Provided data section start

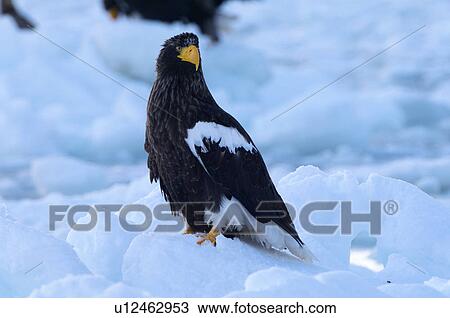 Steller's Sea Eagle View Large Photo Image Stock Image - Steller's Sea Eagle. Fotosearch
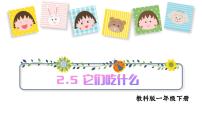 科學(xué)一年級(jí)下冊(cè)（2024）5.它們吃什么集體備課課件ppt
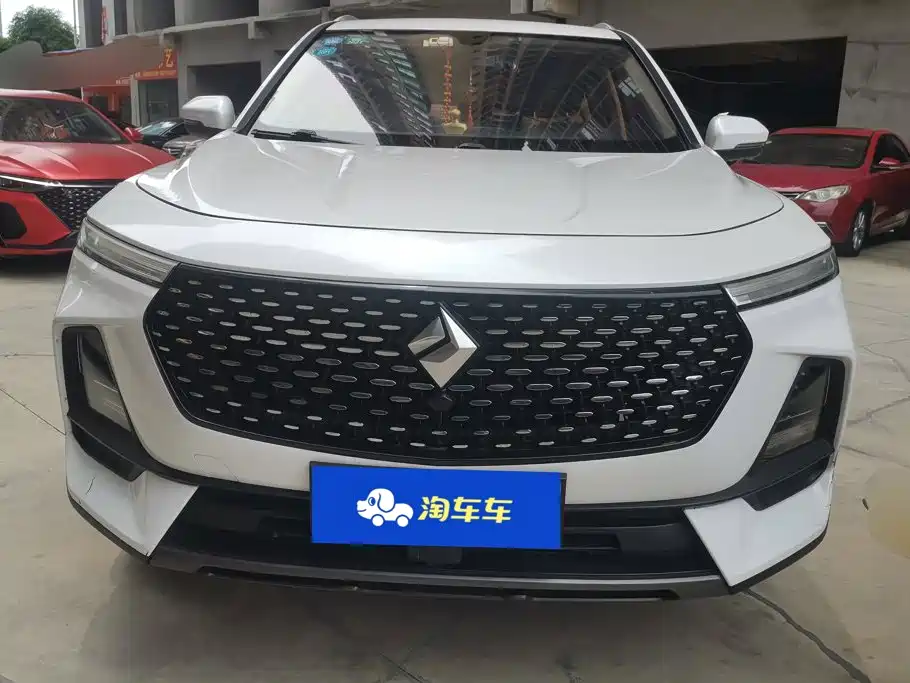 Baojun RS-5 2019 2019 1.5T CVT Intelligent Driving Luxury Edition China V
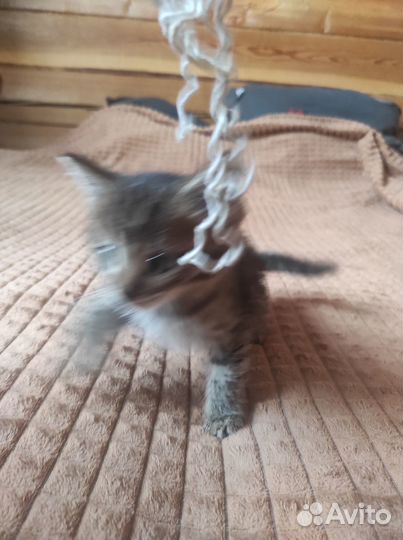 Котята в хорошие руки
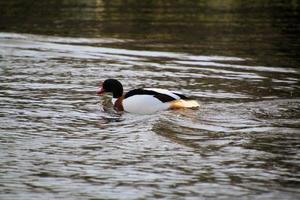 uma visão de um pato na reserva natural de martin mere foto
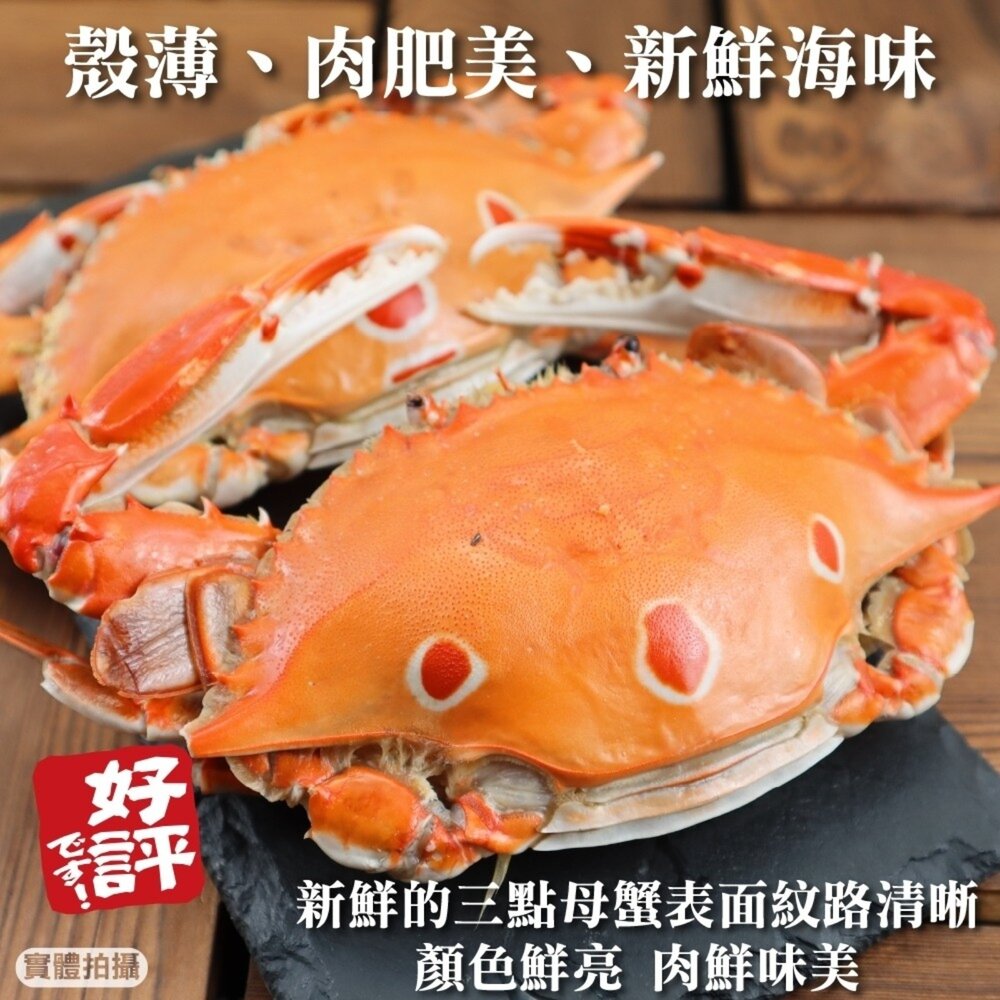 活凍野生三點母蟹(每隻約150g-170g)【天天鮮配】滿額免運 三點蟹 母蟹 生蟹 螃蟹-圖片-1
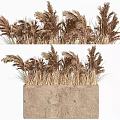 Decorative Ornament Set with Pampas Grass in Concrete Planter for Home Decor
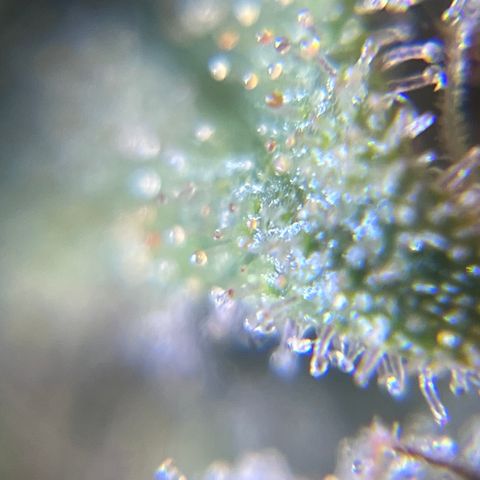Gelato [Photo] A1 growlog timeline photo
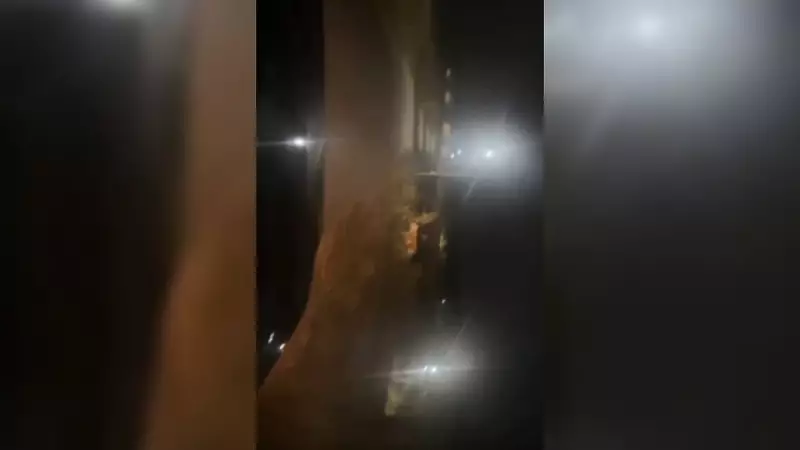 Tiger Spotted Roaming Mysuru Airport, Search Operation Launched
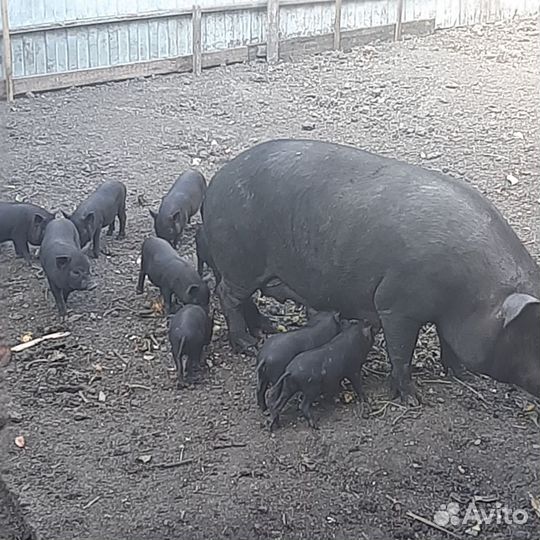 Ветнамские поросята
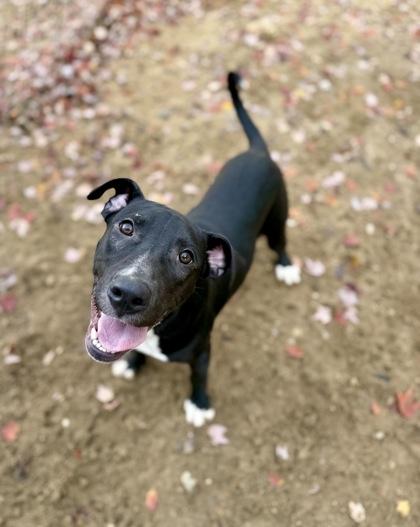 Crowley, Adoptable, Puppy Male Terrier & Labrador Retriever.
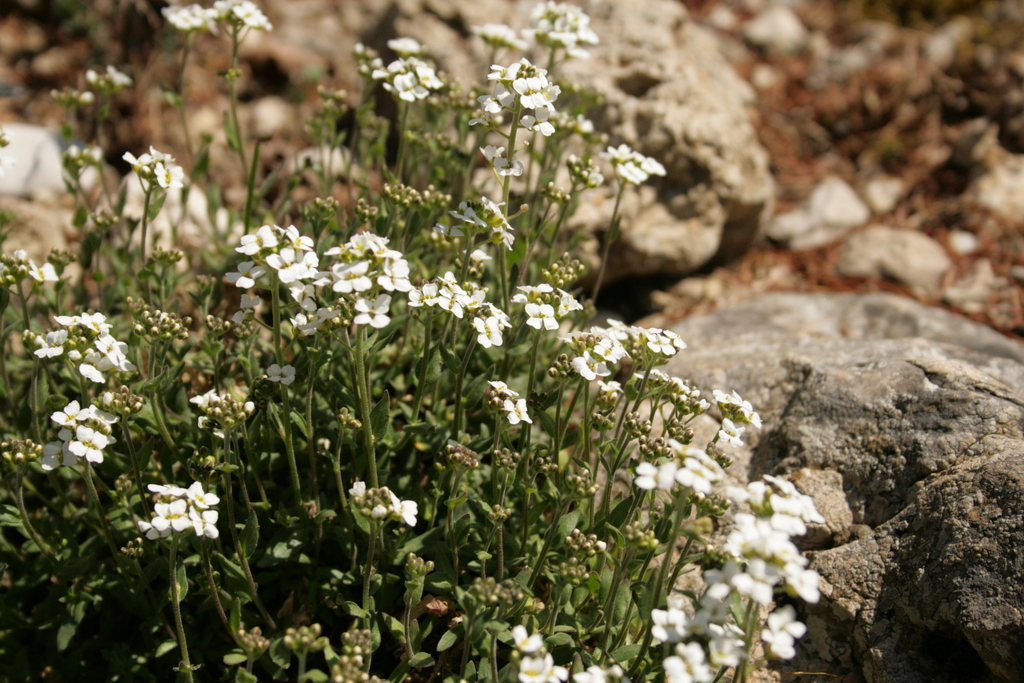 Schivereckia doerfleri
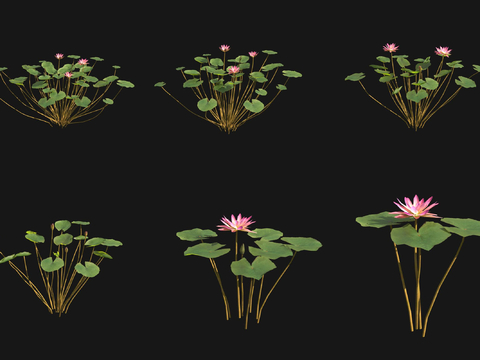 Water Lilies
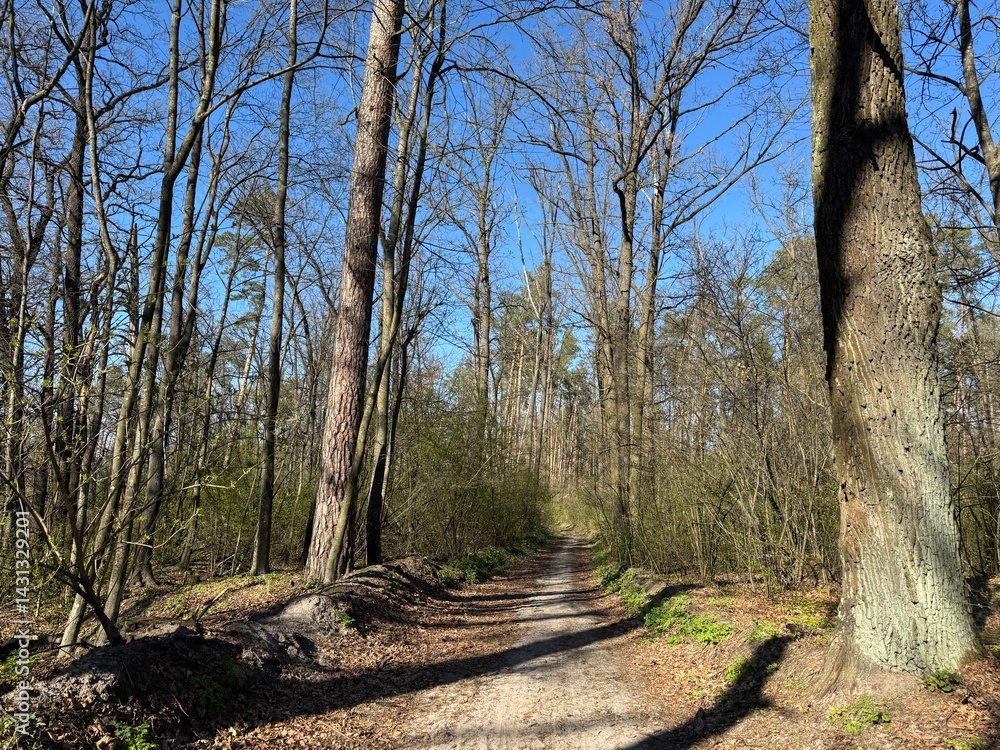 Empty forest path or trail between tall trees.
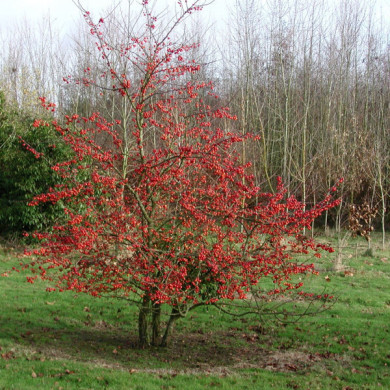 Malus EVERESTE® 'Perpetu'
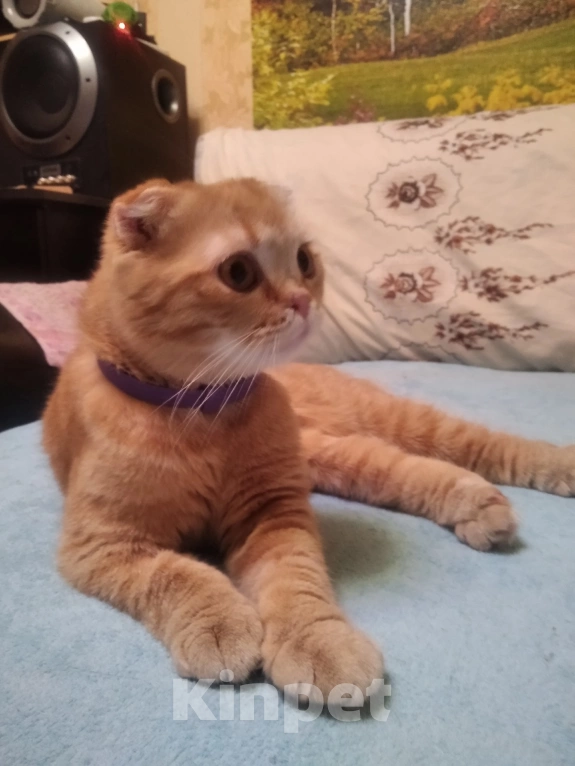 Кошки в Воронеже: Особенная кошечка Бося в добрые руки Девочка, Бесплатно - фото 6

Provided data section end

## Task to carry out
In the records above, copy exactly everything from the line that has "Tiger Spotted Roaming" down to the line that has "Malus EVERESTE® 'Perpetu'", both ends included, and leave out the pictures.

## Response below
 Tiger Spotted Roaming Mysuru Airport, Search Operation Launched
 Ветнамские поросята
 Crowley, Adoptable, Puppy Male Terrier & Labrador Retriever.
 Schivereckia doerfleri
 Water Lilies
 Empty forest path or trail between tall trees.
 Malus EVERESTE® 'Perpetu'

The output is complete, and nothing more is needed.